Tabular Learning: Encoding for Entity and Context Embeddings
Fredy Reusser
TL;DR
This work investigates how different encoding techniques for categorical features influence entity and context embeddings in tabular learning. By discretizing continuous features with a decision-tree-based method and evaluating both an entity embedding model and a Transformer-based context model across 10 UCI datasets, it benchmarks multiple encoders beyond the common ordinal approach. The findings show that string similarity encoding often outperforms ordinal encoding, especially in multi-label tasks, albeit with higher training cost for high-cardinality features; the context model also benefits from alternative encodings. These results inform preprocessing choices for neural/tabular architectures and point to directions for future exploration of encoder effects on embeddings and model behavior.
Abstract
Examining the effect of different encoding techniques on entity and context embeddings, the goal of this work is to challenge commonly used Ordinal encoding for tabular learning.

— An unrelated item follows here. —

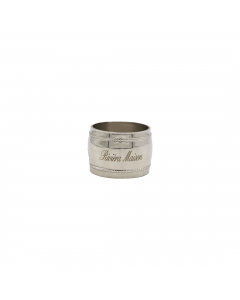 RM Edmonton Napkin Ring (5 cm)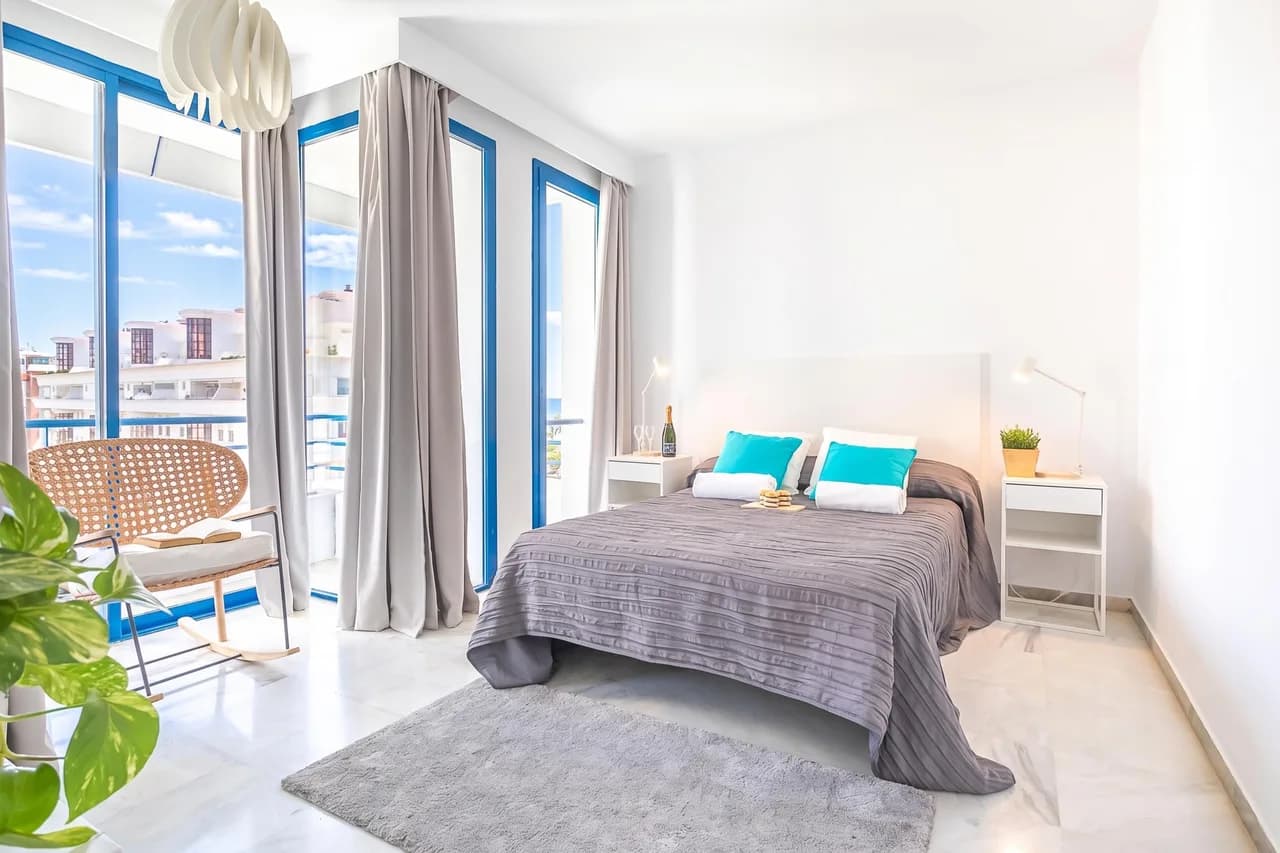Marbella House PH85 with pool photo 3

Applying different preprocessing methods and network architectures over several datasets resulted in a benchmark on how the encoders influence the learning outcome of the networks. By keeping the test, validation and training data consistent, results have shown that ordinal encoding is not the most suited encoder for categorical data in terms of preprocessing the data and thereafter, classifying the target variable correctly. A better outcome was achieved, encoding the features based on string similarities by computing a similarity matrix as input for the network. This is the case for both, entity and context embeddings, where the transformer architecture showed improved performance for Ordinal and Similarity encoding with regard to multi-label classification tasks.